Al tempo stesso, abbiamo una legislazione che ancora non ha abolito il carcere per il reato di diffamazione; crescono le minacce e le intimidazioni fisiche nei confronti dei giornalisti, e più di venti sono costretti a vivere sotto scorta; inoltre, è sempre più frequente il ricorso a liti temerarie con l’uso combinato di cause civili e penali. Per non parlare dei conflitti d’interesse irrisolti che, come un incubo, si riaffacciano all’orizzonte dopo che la Rai, anni fa, è stata sciaguratamente ricondotta sotto il tallone di ferro dell’esecutivo.

La libertà d’informazione è stretta in una morsa: una buona parte di chi dovrebbe godere del diritto di essere informato non è nelle condizioni di apprezzare e utilizzare le informazioni; al tempo stesso, chi ha il compito e il dovere di informare, è soggetto a intimidazioni e vincoli di vario ordine che ne limitano fortemente la missione, anche perché operano all’interno di un settore, quello dell’editoria giornalistica, sempre più esposto a un ridimensionamento della propria autonomia a causa di una crisi economica e di sistema che ha caratteri epocali.

Le prossime elezioni politiche potrebbero essere un’occasione propizia per lanciare programmi di riforma radicale dei mass media e della scuola; si ha, invece, l’impressione che, ancora una volta, prevalga l’irresponsabilità della politica, l’incapacità di cogliere” il carattere fondamentale, anzi fondamentalissimo, dell’Art. 21, inteso come pietra angolare della democrazia (sent. 84/1969 della C. Cost).

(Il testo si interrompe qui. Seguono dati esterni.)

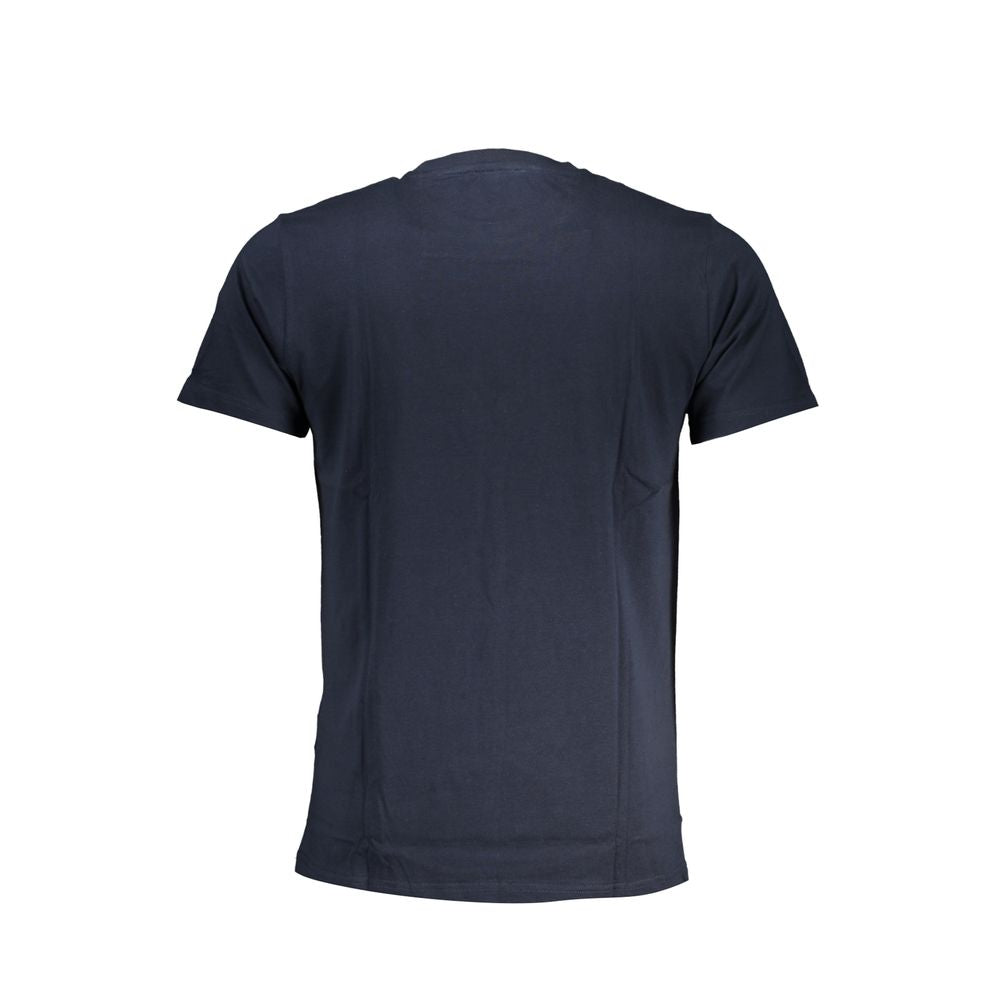 Cavalli Class Blue Cotton T-Shirt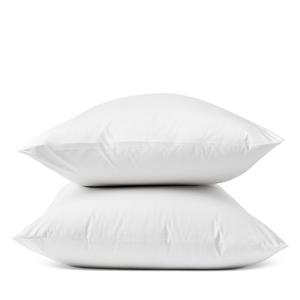 Подушка Heritage Percale Standard Sham Coyuchi, белый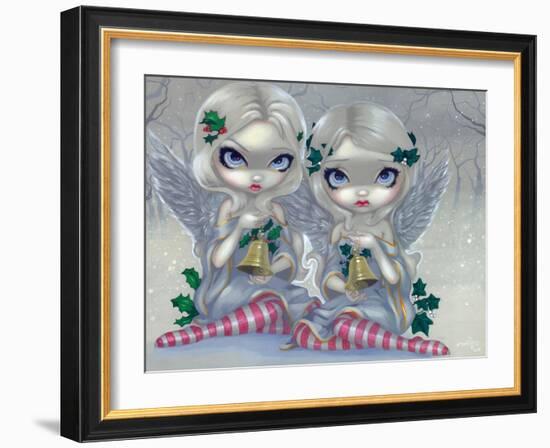 The Holly and the Ivy-Jasmine Becket-Griffith-Framed Art Print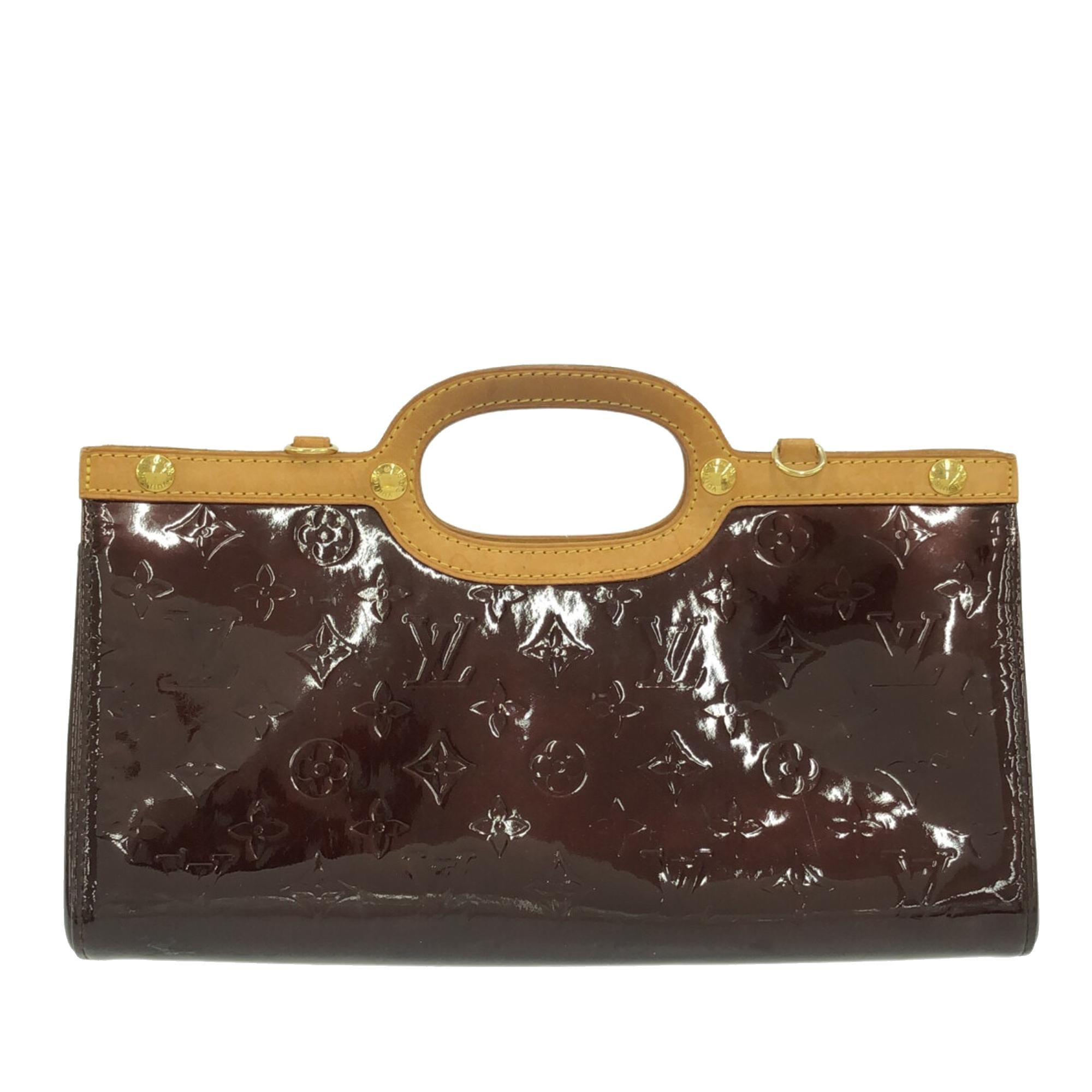 Louis Vuitton Monogram Vernis Roxbury Drive (SHG-qTd3cw)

Se lo Stato democratico si regge sul diritto all’informazione e alla conoscenza, è di assoluta rilevanza la proposta lanciata da Beppe Giulietti di una grande manifestazione per rivendicare, nel corso della campagna elettorale, la centralità dell’Articolo 21. Si dovrà raccogliere l’adesione di tutti i partiti che si riconoscono nella Costituzione invitandoli a partecipare alla manifestazione con una lettera aperta e una richiesta d’incontro preliminare in cui illustrare proposte e motivazioni. E poiché il diritto all’istruzione è il presupposto per godere del diritto all’informazione, la richiesta di adesione andrebbe estesa alle organizzazioni di docenti e studenti che si battono per una scuola profondamente rinnovata e inclusiva. Anche in questa circostanza, l’Ass. Articolo 21 sarà in prima fila, come sempre!